Попросите показать вам — а сделать это будет непросто — на одной из этих улочек, где когда-то ходили величайшие умы мира, виллу, которую Козимо Медичи подарил Марсилио Фичино. Постойте подольше перед ее длинным фасадом, частично скрытым зеленью. Вы увидите много других жилищ того же века — и больше этого, и богаче украшенных, — но ни одно из них не будет столь волнующим, столь важным свидетельством своего времени. Все, что делает нас сегодня тем, что мы есть, началось здесь, в этом доме, началось с Марсилио Фичино и Джованни Пико делла Мирандолы, началось внутри этой небольшой группы людей, попытавшихся примирить христианство с Платоном, Гермеса Трисмегиста с Евангелиями, людей, которые, наведя мост через время, дали возможность Европе выйти из Средневековья вновь обретенными путями Античности.
Ибо Возрождение, в котором принято видеть и которое действительно есть возврат к древнегреческой и древнеримской культуре, отличается от банального пассеизма. В этом движении революционного больше, чем реакционного. Гуманизм в том виде, в каком он родился или возродился здесь, не ограничивается, как думают иногда, простой имитацией античных образцов, раболепным преклонением перед тем, что было когда-то. Напротив, он являет собой стремление построить для человека будущее прекраснее и благороднее настоящего, обращаясь к творениям древних и стараясь отыскать в них вечные рецепты, применимые к новым жизненным условиям.
Послушайте, что говорит Марсилио Фичино, этот князь платоников: «Отныне человек не желает больше иметь ни высших, ни равных себе; он не потерпит над собой какой бы то ни было власти, к которой не принадлежал бы сам».
А вот что говорит Пико делла Мирандола, этот образец торжествующего гуманизма: «Мы будем тем, чем хотим быть».
Они, эти люди Возрождения, утверждают идею вселенского мироустройства, где мерилом мироздания является человек. Но идею эту они заимствовали у древних и, изучая Античность, возродили и обогатили ее.

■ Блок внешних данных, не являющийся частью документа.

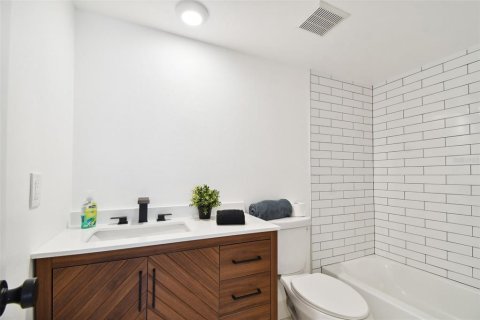 Condo in Seminole, Florida, 1 bedroom  № 1865943 - photo 3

И вот с них самих начинается новый период Истории.
В эпоху — нашу эпоху, — когда изучение древних литератур, похоже, считается излишеством, когда намечается явная тенденция к отрицанию значимости всего, что было создано, изобретено, придумано до гегелевской диалектики, двигателя внутреннего сгорания и расщепления атома, в эпоху, когда некоторые доходят даже до того, что предлагают ради построения лучшего общества уничтожить все проявления, достижения, свидетельства прошлого, давайте задержимся перед домом Марсилио Фичино и задумаемся.
С цивилизацией — как с наследственностью. Можно ненавидеть своего отца, но невозможно сделать так, чтобы не унаследовать его гены, не повторить его черты. А потому надо заставить себя уважать его, ибо презирать его означает презирать себя. Нет, невозможно сделать так, чтобы мы перестали походить самым существенным образом на людей, что жили до нас, чтобы наши судьбы не повторяли их судьбы. Мы можем надеяться на то, что сделаем больше или лучше, чем наши предшественники, но было бы полным безумием воображать, что мы можем в чем-то коренным образом отличаться от них, будь то строение нашего тела или склад ума. Упорствующие в отрицании прошлого показывают лишь, что им ненавистно нечто в их собственном образе, а это отвратительно.
Прежде чем требовать от человека любви к ближнему, надо было бы призвать его сперва полюбить себя самого. Впрочем, любить себя можно только тогда, когда ты понимаешь, что жить — это большая честь, и честь эта заключается в осознании того, что ты являешься одним из звеньев — маленьких, но необходимых — в этой бесконечной цепи, которая есть история человечества.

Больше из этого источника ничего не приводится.